Print exactly those lines that run from the beginning of the data to the line bearing "a small bedroom", inclusive.
==== Exercise input ====
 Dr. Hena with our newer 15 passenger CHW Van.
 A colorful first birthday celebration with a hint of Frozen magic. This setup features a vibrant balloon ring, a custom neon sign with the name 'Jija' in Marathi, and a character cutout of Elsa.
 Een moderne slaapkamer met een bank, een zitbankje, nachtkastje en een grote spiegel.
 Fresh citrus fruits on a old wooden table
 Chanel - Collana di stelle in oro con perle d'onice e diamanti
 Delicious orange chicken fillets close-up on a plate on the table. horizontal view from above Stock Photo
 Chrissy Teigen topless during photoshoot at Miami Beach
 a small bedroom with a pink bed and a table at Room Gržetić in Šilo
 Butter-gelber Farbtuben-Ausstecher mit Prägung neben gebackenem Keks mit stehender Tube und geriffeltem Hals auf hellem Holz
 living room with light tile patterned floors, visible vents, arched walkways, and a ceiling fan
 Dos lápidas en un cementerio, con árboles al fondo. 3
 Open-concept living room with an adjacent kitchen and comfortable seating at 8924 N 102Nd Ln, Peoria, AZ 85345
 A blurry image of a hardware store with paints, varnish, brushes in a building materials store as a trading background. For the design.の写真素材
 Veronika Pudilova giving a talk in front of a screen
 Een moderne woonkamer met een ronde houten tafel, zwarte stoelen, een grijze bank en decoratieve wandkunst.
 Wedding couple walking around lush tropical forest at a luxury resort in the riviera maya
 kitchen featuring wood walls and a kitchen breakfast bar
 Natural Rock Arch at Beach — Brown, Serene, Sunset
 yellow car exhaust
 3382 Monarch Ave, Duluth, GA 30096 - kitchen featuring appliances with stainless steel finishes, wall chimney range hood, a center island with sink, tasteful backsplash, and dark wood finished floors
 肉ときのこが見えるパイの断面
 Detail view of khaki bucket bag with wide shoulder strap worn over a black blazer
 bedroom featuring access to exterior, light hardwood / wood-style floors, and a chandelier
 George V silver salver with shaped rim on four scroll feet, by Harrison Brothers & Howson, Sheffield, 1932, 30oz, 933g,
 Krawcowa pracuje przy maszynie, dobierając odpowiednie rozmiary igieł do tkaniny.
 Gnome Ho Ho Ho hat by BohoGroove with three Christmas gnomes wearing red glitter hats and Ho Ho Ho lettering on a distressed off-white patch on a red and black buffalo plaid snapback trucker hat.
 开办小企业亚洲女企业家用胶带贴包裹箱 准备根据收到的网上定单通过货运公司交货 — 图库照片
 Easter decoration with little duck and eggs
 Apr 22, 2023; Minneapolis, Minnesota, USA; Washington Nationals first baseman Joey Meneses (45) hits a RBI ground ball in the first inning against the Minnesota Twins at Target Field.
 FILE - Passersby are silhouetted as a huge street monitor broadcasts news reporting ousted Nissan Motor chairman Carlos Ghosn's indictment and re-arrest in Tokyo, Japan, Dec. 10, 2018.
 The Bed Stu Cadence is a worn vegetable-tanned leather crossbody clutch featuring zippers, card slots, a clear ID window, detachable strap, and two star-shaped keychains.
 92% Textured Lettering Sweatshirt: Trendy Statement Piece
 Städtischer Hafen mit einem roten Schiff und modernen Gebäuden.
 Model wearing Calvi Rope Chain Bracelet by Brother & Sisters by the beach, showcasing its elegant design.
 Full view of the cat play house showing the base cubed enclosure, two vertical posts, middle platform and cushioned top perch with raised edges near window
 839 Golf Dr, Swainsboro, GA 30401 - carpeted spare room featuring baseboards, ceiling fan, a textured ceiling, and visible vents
====
● Response area
 Dr. Hena with our newer 15 passenger CHW Van.
 A colorful first birthday celebration with a hint of Frozen magic. This setup features a vibrant balloon ring, a custom neon sign with the name 'Jija' in Marathi, and a character cutout of Elsa.
 Een moderne slaapkamer met een bank, een zitbankje, nachtkastje en een grote spiegel.
 Fresh citrus fruits on a old wooden table
 Chanel - Collana di stelle in oro con perle d'onice e diamanti
 Delicious orange chicken fillets close-up on a plate on the table. horizontal view from above Stock Photo
 Chrissy Teigen topless during photoshoot at Miami Beach
 a small bedroom with a pink bed and a table at Room Gržetić in Šilo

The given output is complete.